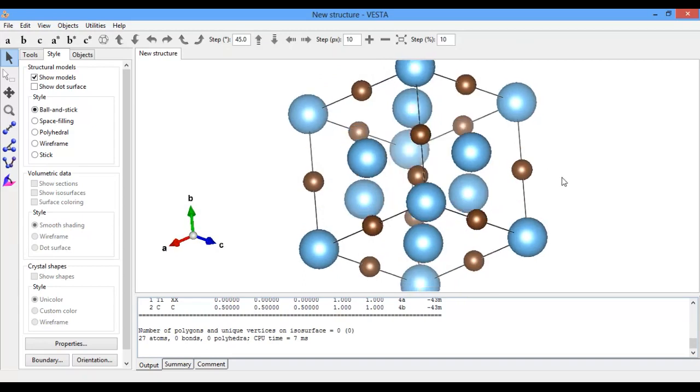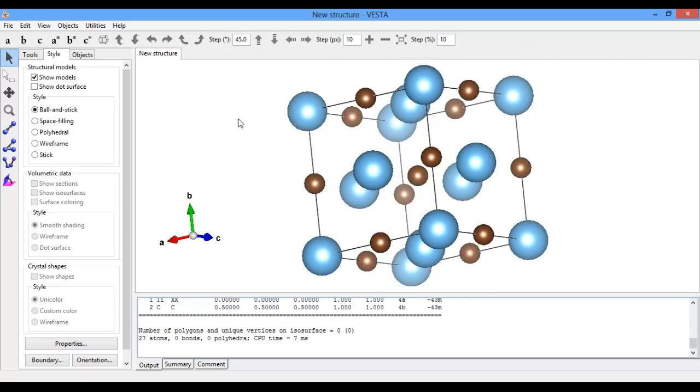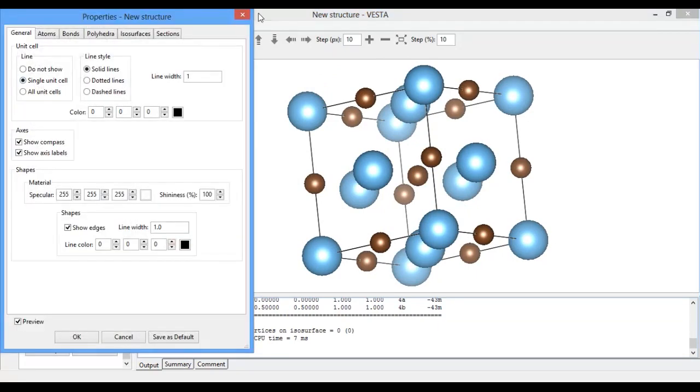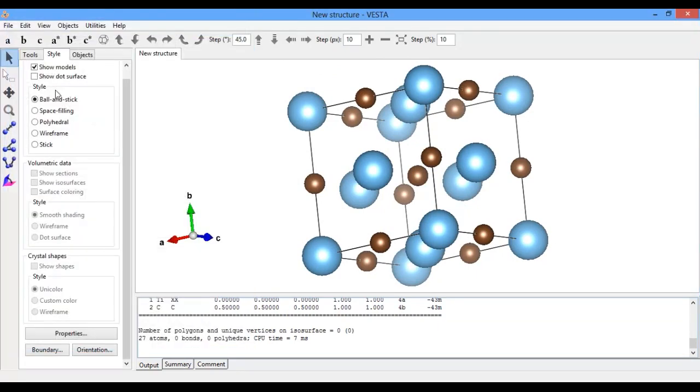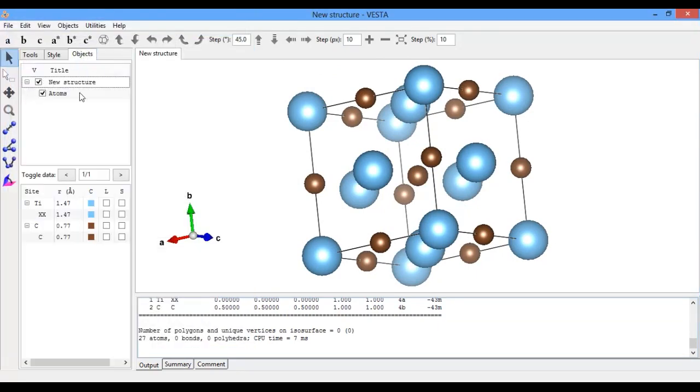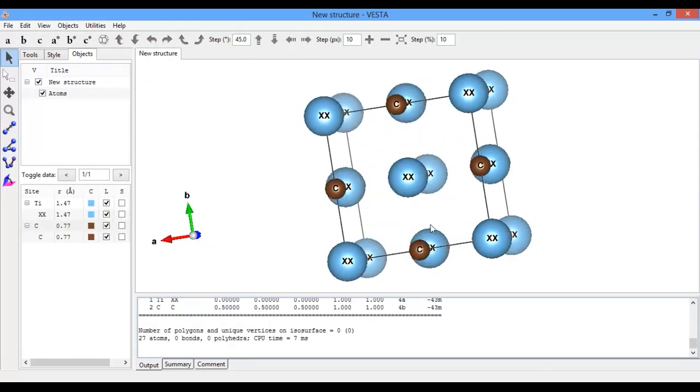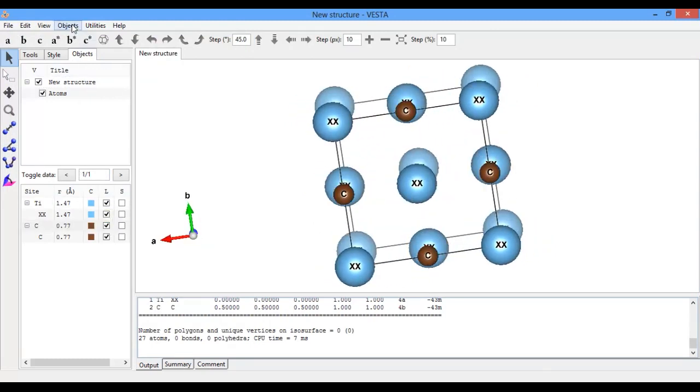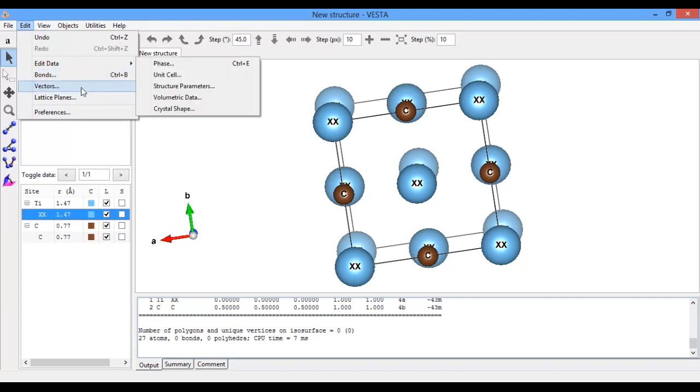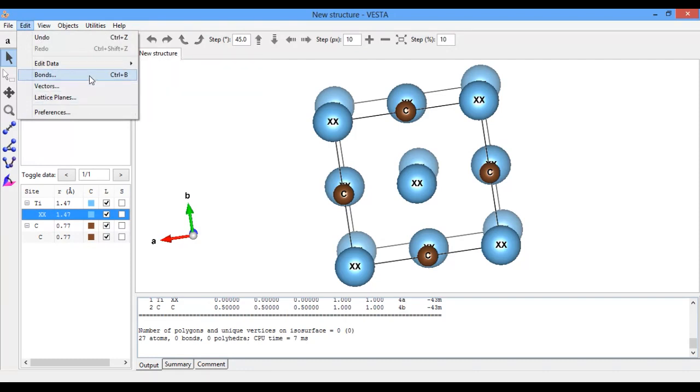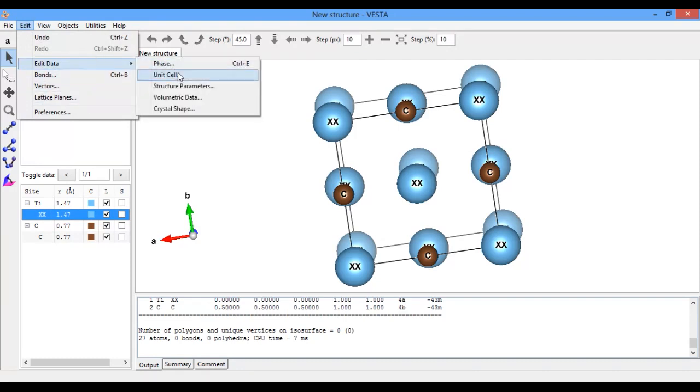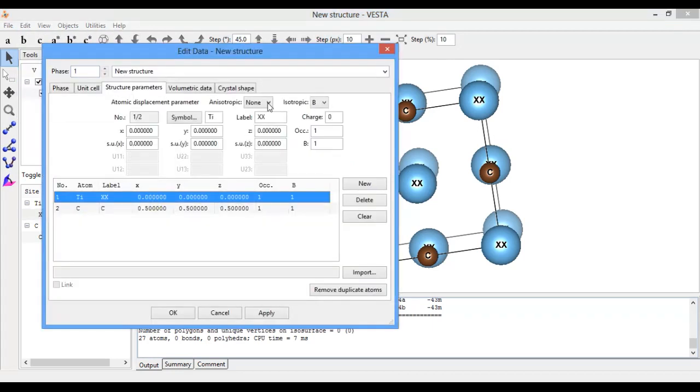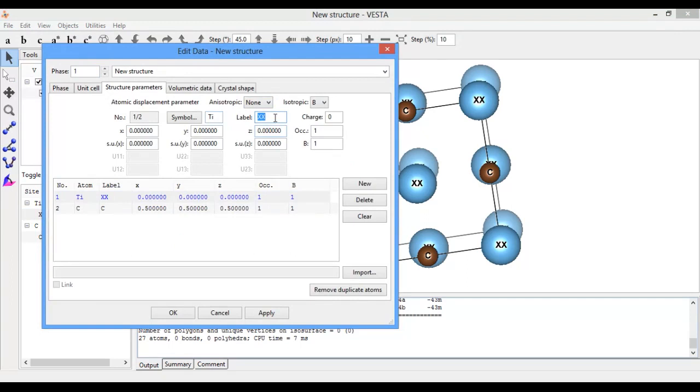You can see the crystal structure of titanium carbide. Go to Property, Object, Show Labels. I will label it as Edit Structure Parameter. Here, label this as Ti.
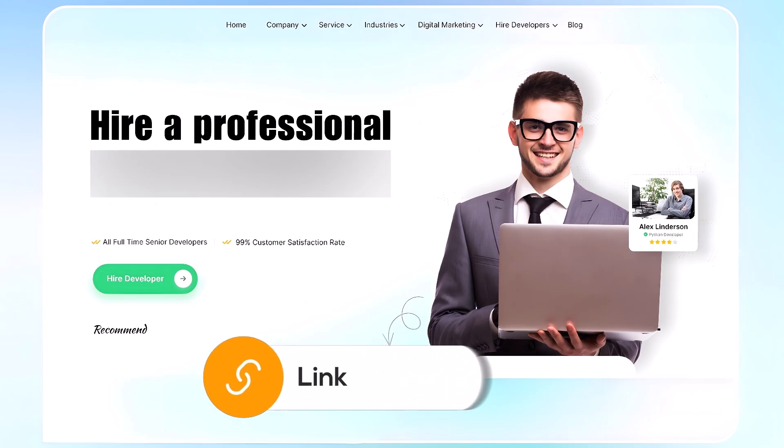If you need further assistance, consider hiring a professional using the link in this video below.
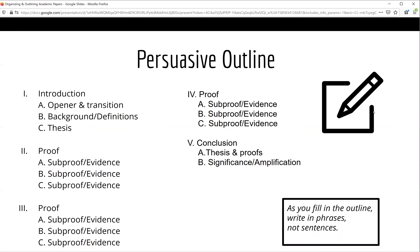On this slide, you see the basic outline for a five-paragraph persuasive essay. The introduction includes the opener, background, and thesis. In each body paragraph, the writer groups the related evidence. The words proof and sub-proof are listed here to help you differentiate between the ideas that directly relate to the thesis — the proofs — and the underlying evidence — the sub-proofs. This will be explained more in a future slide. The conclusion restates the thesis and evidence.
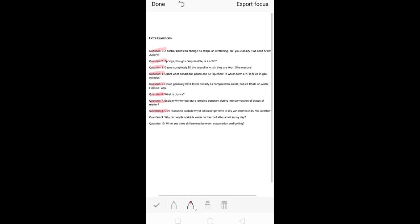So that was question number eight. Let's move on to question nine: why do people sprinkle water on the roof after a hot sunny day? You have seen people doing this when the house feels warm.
* * *
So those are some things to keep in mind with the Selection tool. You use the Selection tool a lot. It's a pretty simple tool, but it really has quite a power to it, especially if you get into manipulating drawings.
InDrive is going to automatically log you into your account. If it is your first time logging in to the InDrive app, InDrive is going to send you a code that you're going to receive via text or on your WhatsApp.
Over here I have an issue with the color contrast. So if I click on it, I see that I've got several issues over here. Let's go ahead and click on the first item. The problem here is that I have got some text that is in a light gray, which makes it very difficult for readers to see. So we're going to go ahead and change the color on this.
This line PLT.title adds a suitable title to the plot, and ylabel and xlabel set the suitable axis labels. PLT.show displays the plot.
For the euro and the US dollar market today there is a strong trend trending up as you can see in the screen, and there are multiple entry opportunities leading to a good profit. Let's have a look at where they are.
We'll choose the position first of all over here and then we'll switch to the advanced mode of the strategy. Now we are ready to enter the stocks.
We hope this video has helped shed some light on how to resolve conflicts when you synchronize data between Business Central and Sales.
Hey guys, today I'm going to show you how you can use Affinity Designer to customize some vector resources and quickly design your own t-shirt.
---
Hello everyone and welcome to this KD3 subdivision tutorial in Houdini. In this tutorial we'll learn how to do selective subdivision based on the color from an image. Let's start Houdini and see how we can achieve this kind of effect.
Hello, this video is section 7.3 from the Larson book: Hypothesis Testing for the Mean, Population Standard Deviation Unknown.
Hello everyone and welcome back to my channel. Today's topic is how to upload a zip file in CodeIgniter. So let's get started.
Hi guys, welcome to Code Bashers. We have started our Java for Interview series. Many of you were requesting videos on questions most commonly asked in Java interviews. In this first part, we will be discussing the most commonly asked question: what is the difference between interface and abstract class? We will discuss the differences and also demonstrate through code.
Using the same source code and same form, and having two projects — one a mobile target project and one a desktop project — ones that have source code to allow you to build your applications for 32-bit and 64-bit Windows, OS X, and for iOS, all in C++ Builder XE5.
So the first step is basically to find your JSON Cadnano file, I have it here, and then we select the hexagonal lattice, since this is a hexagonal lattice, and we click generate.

WORK TASK »
Reproduce only the lines above spanning from the line containing "So those are" through the line containing "For the euro", word for word.

ANSWER TO THE EXERCISE »
So those are some things to keep in mind with the Selection tool. You use the Selection tool a lot. It's a pretty simple tool, but it really has quite a power to it, especially if you get into manipulating drawings.
InDrive is going to automatically log you into your account. If it is your first time logging in to the InDrive app, InDrive is going to send you a code that you're going to receive via text or on your WhatsApp.
Over here I have an issue with the color contrast. So if I click on it, I see that I've got several issues over here. Let's go ahead and click on the first item. The problem here is that I have got some text that is in a light gray, which makes it very difficult for readers to see. So we're going to go ahead and change the color on this.
This line PLT.title adds a suitable title to the plot, and ylabel and xlabel set the suitable axis labels. PLT.show displays the plot.
For the euro and the US dollar market today there is a strong trend trending up as you can see in the screen, and there are multiple entry opportunities leading to a good profit. Let's have a look at where they are.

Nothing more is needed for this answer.